- Supreme Court of Canada

Hearing: June 15, 16, 1998 Judgment: June 17, 1999
- Citations: [1999] 2 S.C.R. 625
- Docket No.: 25856
- Ruling: Winko appeal dismissed

Court membership
- Chief Justice: Antonio Lamer Puisne Justices: Claire L'Heureux-Dubé, Charles Gonthier, Peter Cory, Beverley McLachlin, Frank Iacobucci, John C. Major, Michel Bastarache, Ian Binnie

Reasons given
- Majority: McLachlin J., joined by Lamer C.J. and Cory, Iacobucci, Major, Bastarache and Binnie JJ.:
- Concurrence: Gonthier J., joined by L'Heureux-Dubé J.
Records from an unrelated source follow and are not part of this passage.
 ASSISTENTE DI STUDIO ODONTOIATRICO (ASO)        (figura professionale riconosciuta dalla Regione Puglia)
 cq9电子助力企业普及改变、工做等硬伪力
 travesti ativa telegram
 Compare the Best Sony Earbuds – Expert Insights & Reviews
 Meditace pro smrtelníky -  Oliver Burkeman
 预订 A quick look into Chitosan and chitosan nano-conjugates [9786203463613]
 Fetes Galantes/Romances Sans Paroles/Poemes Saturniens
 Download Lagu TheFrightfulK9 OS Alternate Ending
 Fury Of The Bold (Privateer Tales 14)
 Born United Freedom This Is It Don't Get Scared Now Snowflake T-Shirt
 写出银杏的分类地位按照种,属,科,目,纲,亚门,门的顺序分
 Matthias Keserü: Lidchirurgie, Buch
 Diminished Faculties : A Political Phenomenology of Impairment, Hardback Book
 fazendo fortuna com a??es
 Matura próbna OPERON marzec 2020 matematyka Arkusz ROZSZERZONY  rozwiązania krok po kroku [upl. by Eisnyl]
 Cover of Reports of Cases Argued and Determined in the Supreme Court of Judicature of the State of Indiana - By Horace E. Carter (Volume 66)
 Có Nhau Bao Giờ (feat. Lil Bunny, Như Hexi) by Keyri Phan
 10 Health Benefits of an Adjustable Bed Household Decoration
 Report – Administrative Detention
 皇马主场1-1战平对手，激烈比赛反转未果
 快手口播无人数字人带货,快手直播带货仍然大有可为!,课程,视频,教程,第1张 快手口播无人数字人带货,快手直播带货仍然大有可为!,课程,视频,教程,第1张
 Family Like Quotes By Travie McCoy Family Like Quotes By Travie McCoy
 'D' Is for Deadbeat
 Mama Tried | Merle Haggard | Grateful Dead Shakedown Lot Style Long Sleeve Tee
= Winko v British Columbia (Forensic Psychiatric Institute) =

Winko v British Columbia (Forensic Psychiatric Institute), [1999] 2 S.C.R. 625 is a Supreme Court of Canada decision on constitutionality of the mental health laws in the Criminal Code under section 7 and section 15 of the Canadian Charter of Rights and Freedoms.

==Background==
Joseph Winko lived in Vancouver and suffered from a mental illness which included hearing voices. In 1983, he was arrested for attacking pedestrians with a knife and charged with aggravated assault, assault with a weapon, and possession of a weapon for purposes dangerous to the public peace.

At trial he was found "not criminally responsible" and was institutionalized at the Forensic Psychiatric Institute. In 1995, the institute's review board directed Winko to be given a conditional discharge. Winko appealed the ruling, asking instead for absolute discharge.

The issue before the Supreme Court was whether section 672.54 of the Criminal Code which granted the review board the power to give discharges was a violation of section 7 and 15 of the Charter.

The majority of the Court held that the Criminal Code provision did not violate the Charter.

==Opinion of the Court==
Justice McLachlin, writing for the majority of the Court, dismissed the appeal. She held that the provision was not overly vague, overbroad, or imposed an improper onus and so did not violate section 7 of the Charter. She also found that the provision gave differential treatment based on an enumerated ground under section 15, however, the distinction did not constitute discrimination as the treatment reflected the needs of the individuals by attempting to treat them.